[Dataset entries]
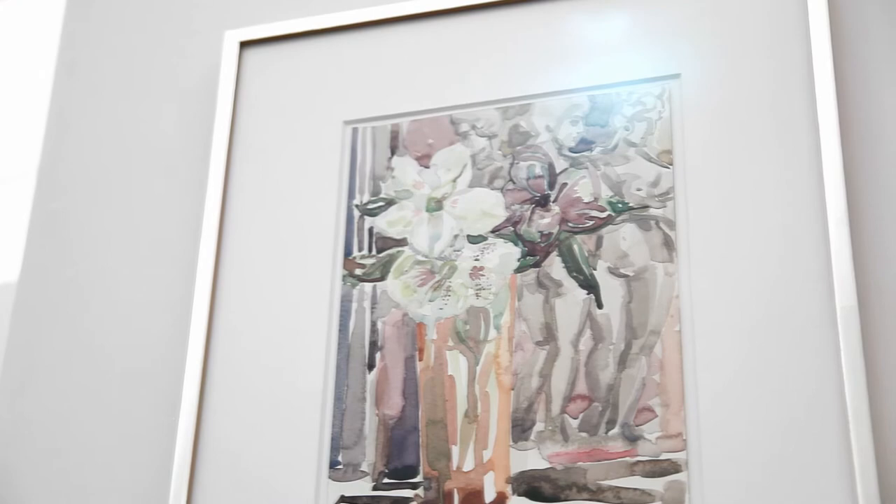She paints trendy people, glamorous people, royal family people — but for once she's painting flowers. It's called the Three Graces. In the back you can see some delicate statues and in the front, three flowers.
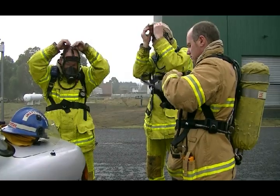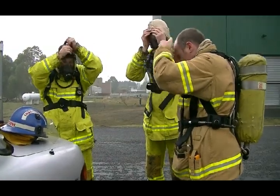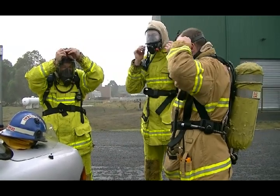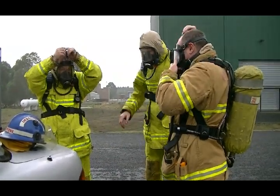Today they've come up to do what we call the hostile environment component, which is searching in a situation where we provide conditions that are as realistic as possible to try to create an environment similar to what they might face in a real structure fire situation.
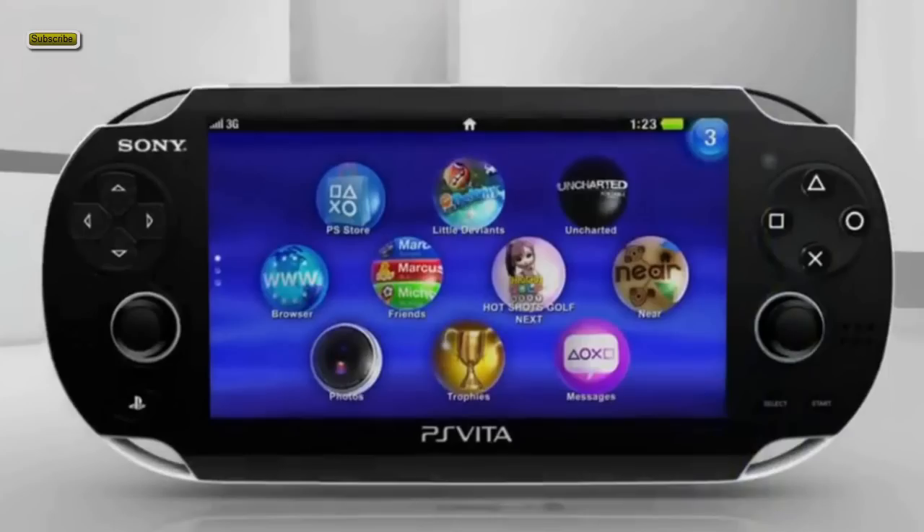As you can see in this shot here, this is the third part of the menu, so we can expect three menus. The price point is $249 for the Wi-Fi only version and $299 for Wi-Fi and 3G, though the 3G is only with AT&T. This device is graphically more powerful than the Nintendo 3DS, but they are both at a similar price point.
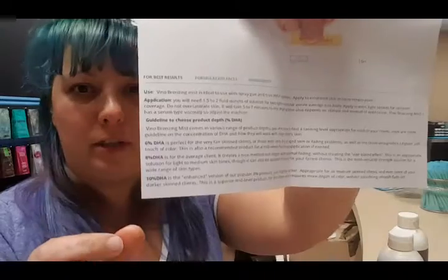It did give me two applications. You need 1.5 to 2 fluid ounces to do the whole body. You can do two coats if you want — apply in even strokes, which we all know from our training. It takes five to seven minutes to dry, which is not bad. The Vino bronzing mist has a serum-type viscosity, and if you're using it in a machine, it says you can do that too. They also go into the different DHA levels — 6%, 8%, and 12% — and what each one does. Great explanation.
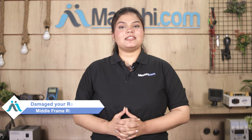Hi friends, this is Lucky from MaxPy.com. Friends, your Realme C35 middle frame ring is damaged and you are worried about the high repair cost of your smartphone.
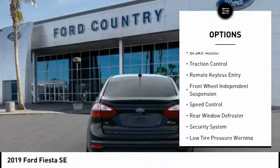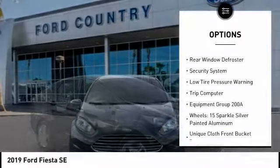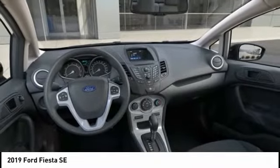Electronic stability control, brake assist, traction control, remote keyless entry, front wheel independent suspension, speed control, rear window defroster, security system, low tire pressure warning, trip computer.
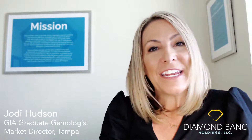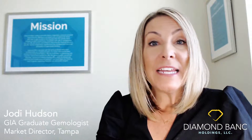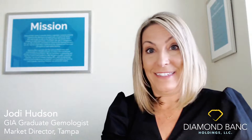Hi everyone, it's Jody Hudson here with Diamond Bank in gorgeous Tampa, Florida. Today I wanted to show you a diamond that we recently purchased and to just help you understand how easy the whole process is.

- _Exercise description_
Output only the lines running from the line with "Electronic stability control, brake" through the last line of the entries above, inclusive, with pictures excluded.

- _Task result_
Electronic stability control, brake assist, traction control, remote keyless entry, front wheel independent suspension, speed control, rear window defroster, security system, low tire pressure warning, trip computer.
Hi everyone, it's Jody Hudson here with Diamond Bank in gorgeous Tampa, Florida. Today I wanted to show you a diamond that we recently purchased and to just help you understand how easy the whole process is.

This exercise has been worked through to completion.